╔══

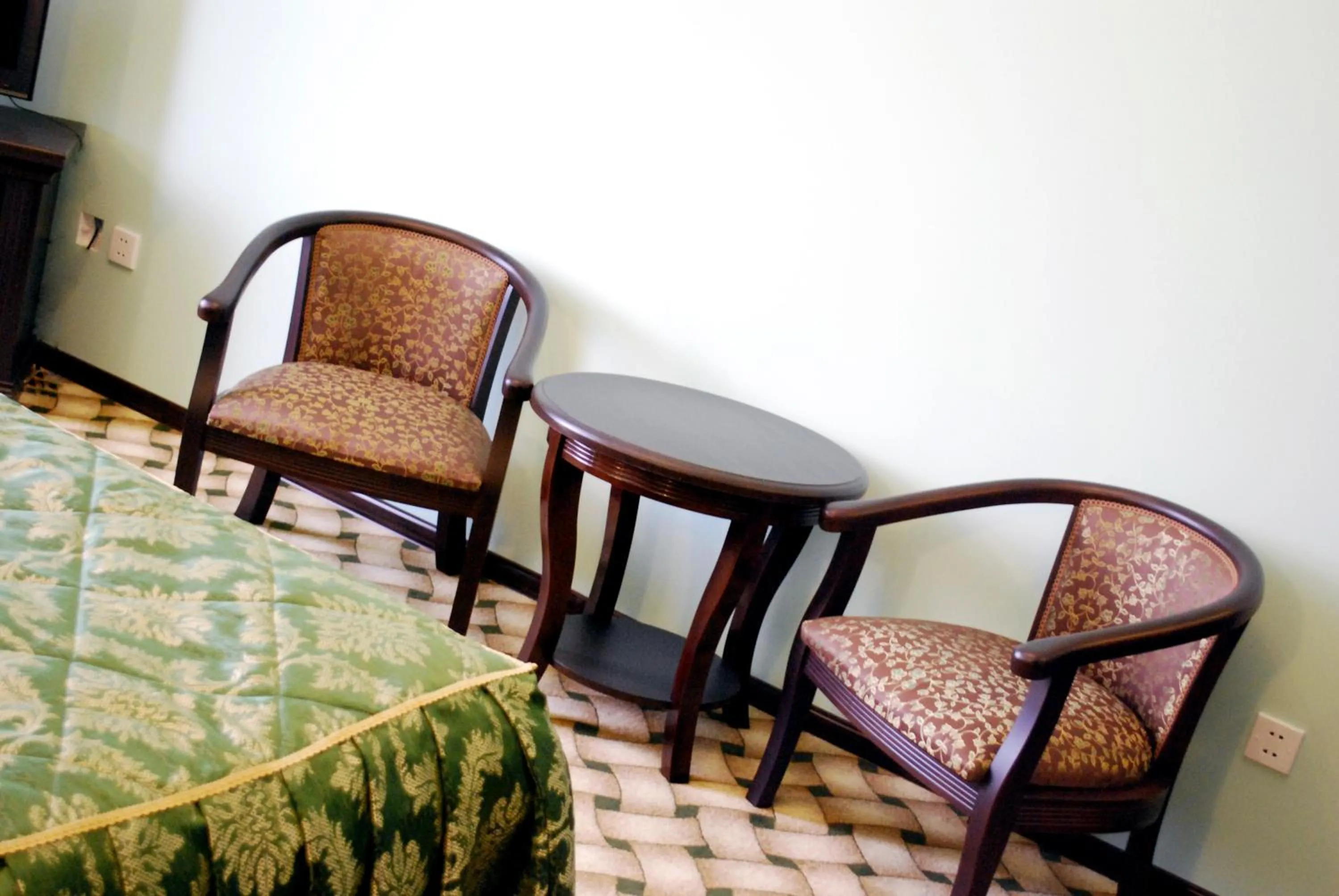 Decorative detail in Jahon Palace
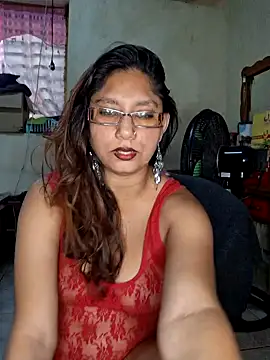 Snapshot of Sivanija_21 chatting on February 12, 11:40 am Sivanija 21 online show from February 12, 11:40 am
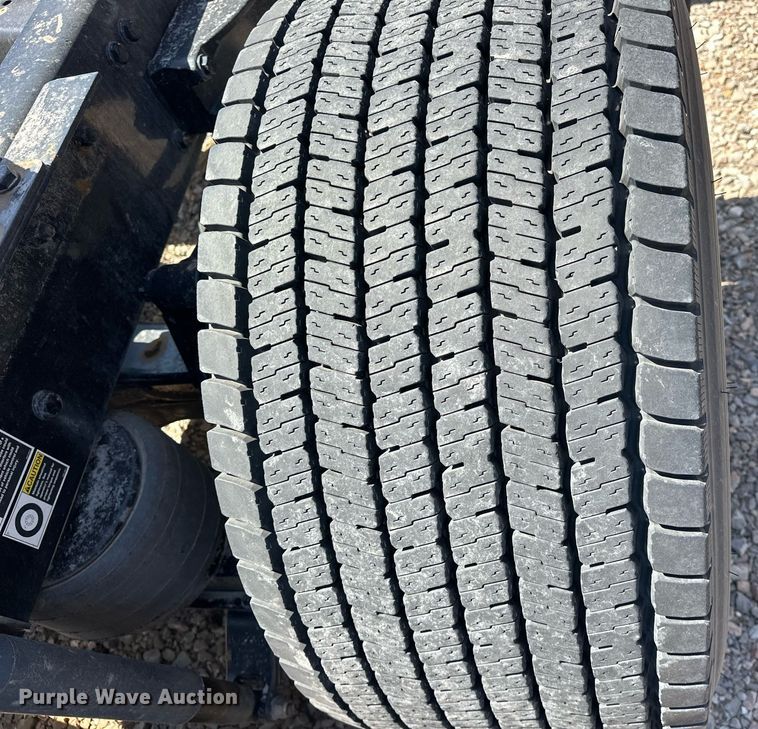 image for item EK0582 2021 Kenworth T680 semi truck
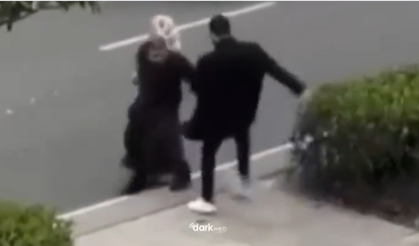 Esenyurt'ta bir şahıs, babasına yumruk attı, baba aldığı darbe sonrası bayıldı!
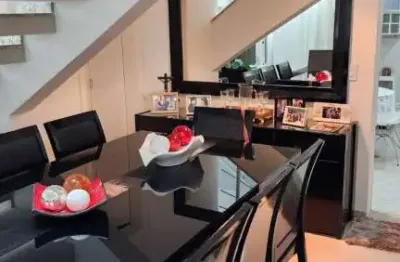 Sobrado marvilhoso com 248 m² 3 dormitorios sendo 3 suites 3 vagas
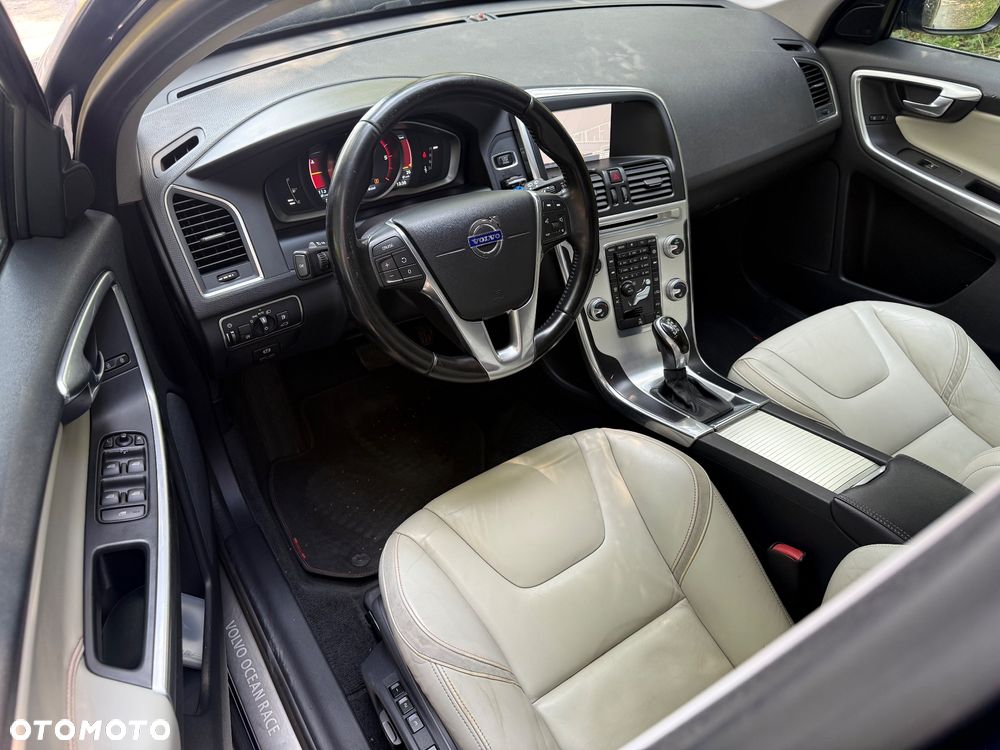 Volvo XC 60 D4 Drive-E Ocean Race - 20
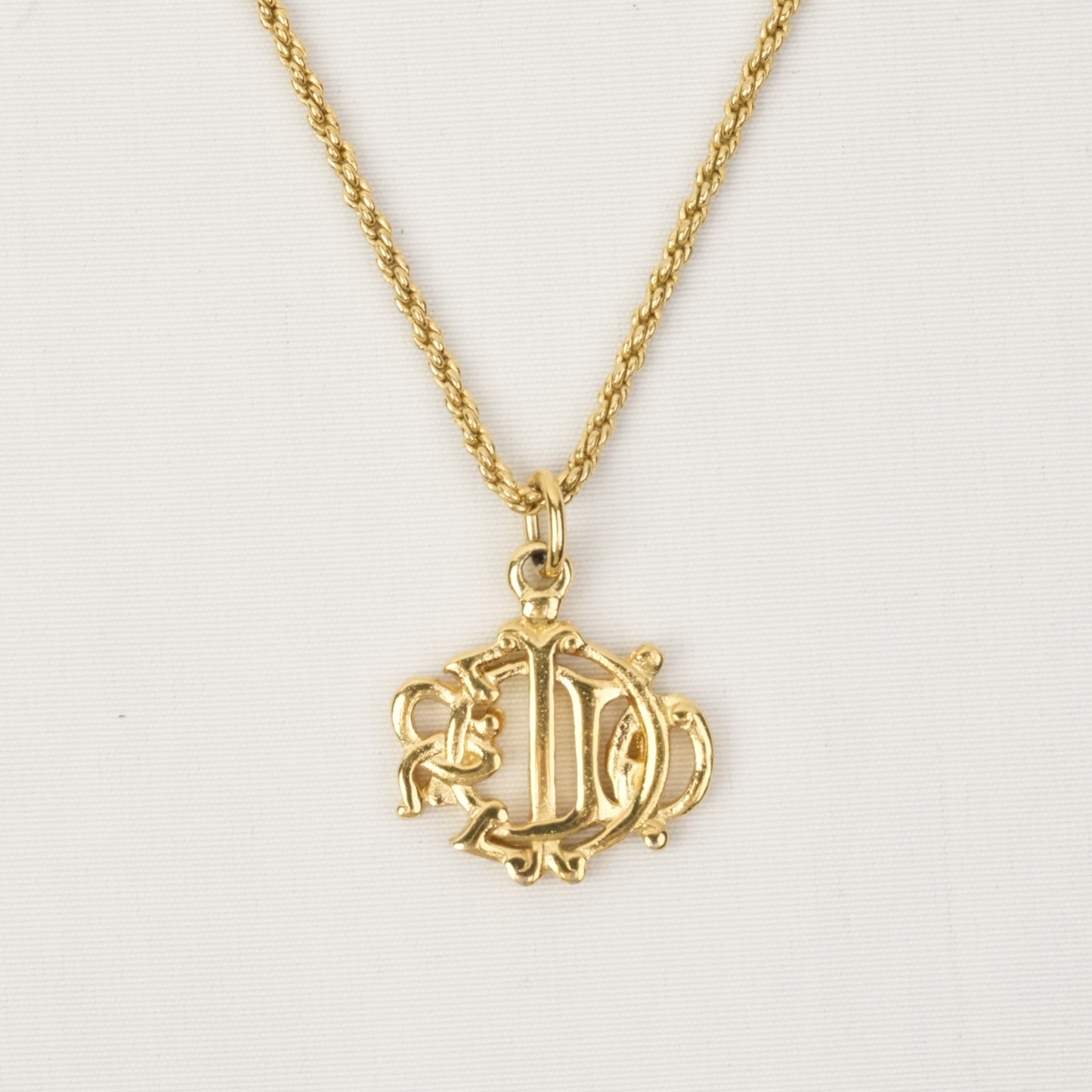 CHRISTIAN DIOR Emblem Necklace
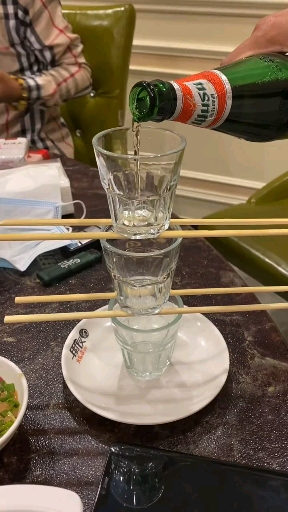 教你一次倒三杯酒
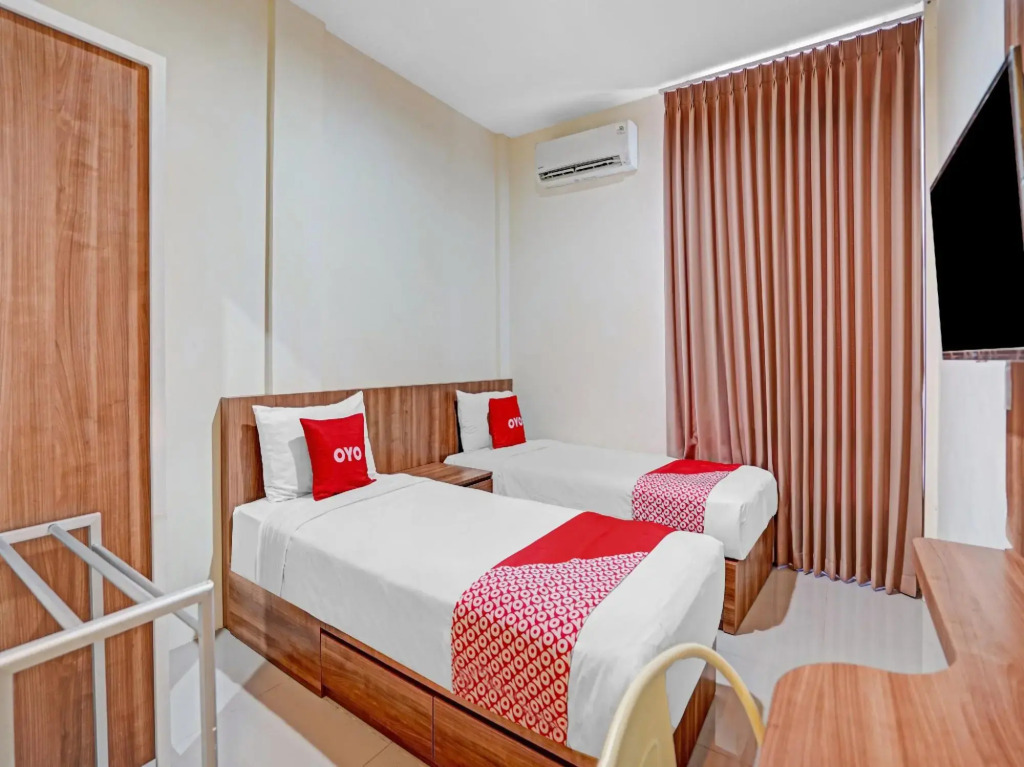 OYO 90794 Kostel Bunda Waru Syariah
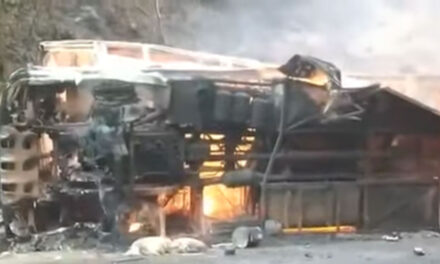 VIDEO: Choque entre camión con combustible y autobús deja más de 50 fallecidos en Camerún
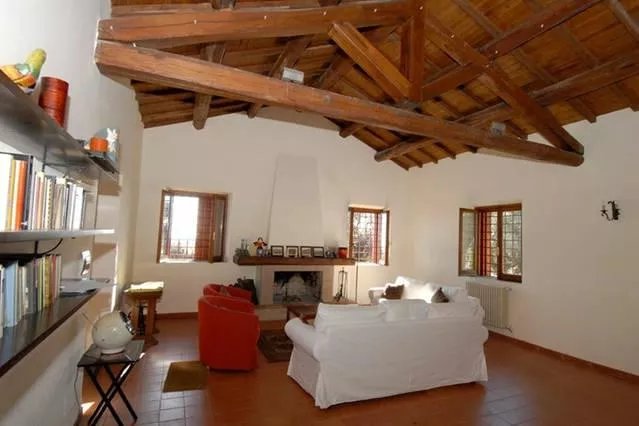 Casale Oliveto dei Monti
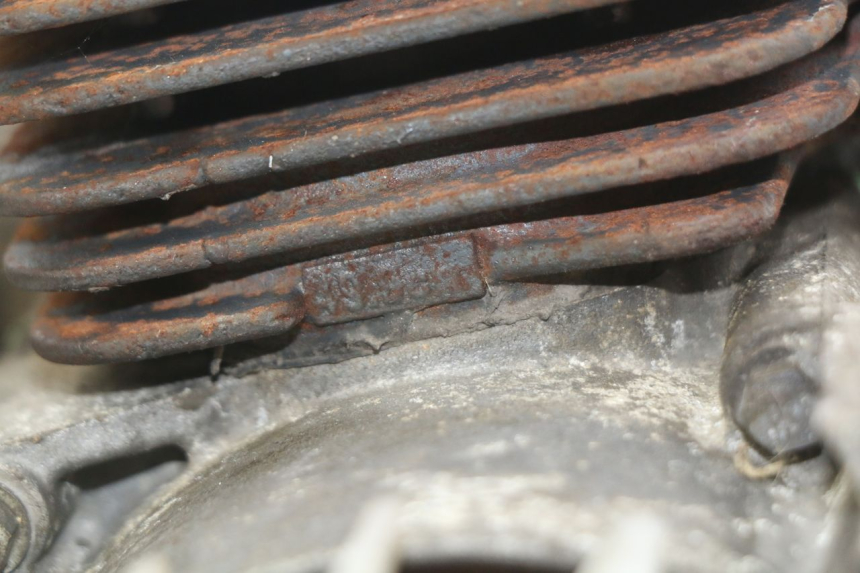 photo de MOTOR PEUGEOT VIVACITY 50 (1998 - 2003) - Detailansicht des Bauteils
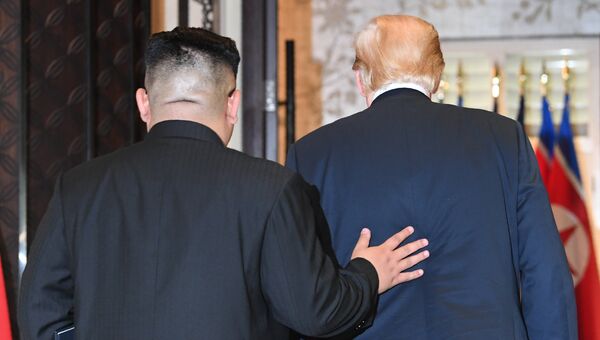 Лидер КНДР Ким Чен Ын и президент США Дональд Трамп после подписания документов по итогам встречи в Сингапуре. 12 июня 2018 Лидер КНДР Ким Чен Ын и президент США Дональд Трамп после подписания документов по итогам встречи в Сингапуре. 12 июня 2018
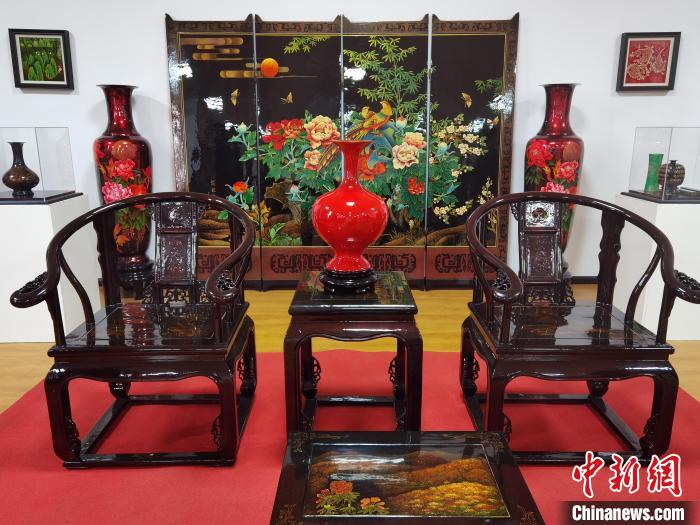 图为大方漆器的屏风、花瓶以及椅子。 周燕玲 摄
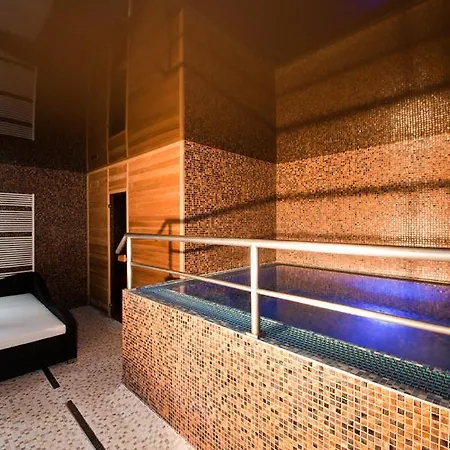 Cerna Louze 4* Branžež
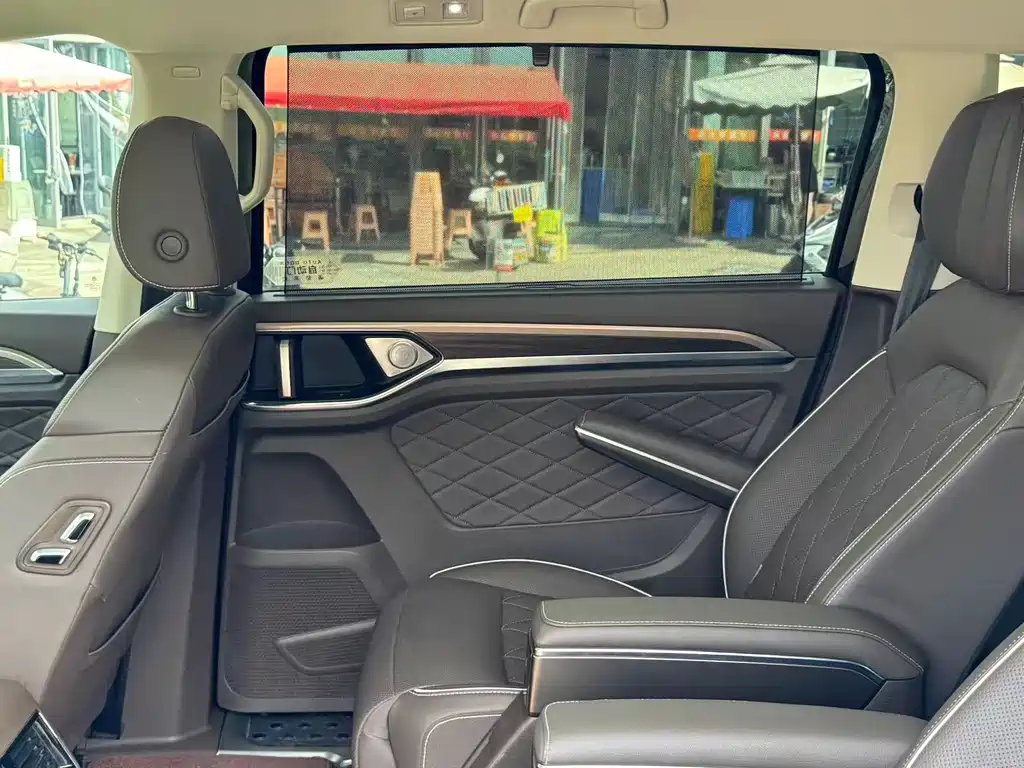 Volkswagen Viloran 2020 380TSI Luxury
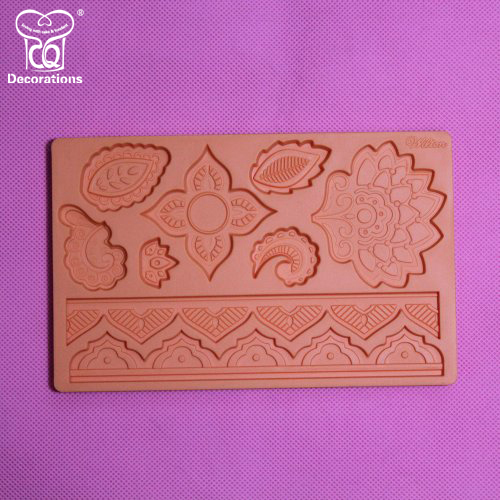 लीफ एंड फ्लावर फोंडेंट डेकोरेशन्स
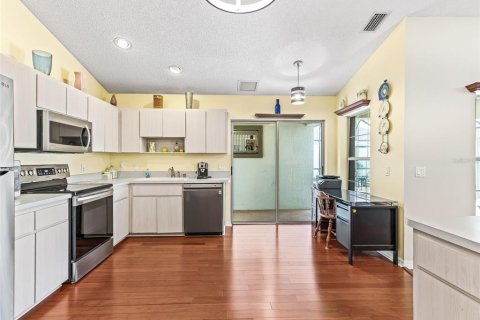 House in Summerfield, Florida 2 bedrooms, 155.61 sq.m. № 2308237 - photo 29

╚══

TASK BRIEF: Please transcribe each entry exactly and exclude any image it contains.

SOLVED PROBLEM:
 Decorative detail in Jahon Palace
 Snapshot of Sivanija_21 chatting on February 12, 11:40 am Sivanija 21 online show from February 12, 11:40 am
 image for item EK0582 2021 Kenworth T680 semi truck
 Esenyurt'ta bir şahıs, babasına yumruk attı, baba aldığı darbe sonrası bayıldı!
 Sobrado marvilhoso com 248 m² 3 dormitorios sendo 3 suites 3 vagas
 Volvo XC 60 D4 Drive-E Ocean Race - 20
 CHRISTIAN DIOR Emblem Necklace
 教你一次倒三杯酒
 OYO 90794 Kostel Bunda Waru Syariah
 VIDEO: Choque entre camión con combustible y autobús deja más de 50 fallecidos en Camerún
 Casale Oliveto dei Monti
 photo de MOTOR PEUGEOT VIVACITY 50 (1998 - 2003) - Detailansicht des Bauteils
 Лидер КНДР Ким Чен Ын и президент США Дональд Трамп после подписания документов по итогам встречи в Сингапуре. 12 июня 2018 Лидер КНДР Ким Чен Ын и президент США Дональд Трамп после подписания документов по итогам встречи в Сингапуре. 12 июня 2018
 图为大方漆器的屏风、花瓶以及椅子。 周燕玲 摄
 Cerna Louze 4* Branžež
 Volkswagen Viloran 2020 380TSI Luxury
 लीफ एंड फ्लावर फोंडेंट डेकोरेशन्स
 House in Summerfield, Florida 2 bedrooms, 155.61 sq.m. № 2308237 - photo 29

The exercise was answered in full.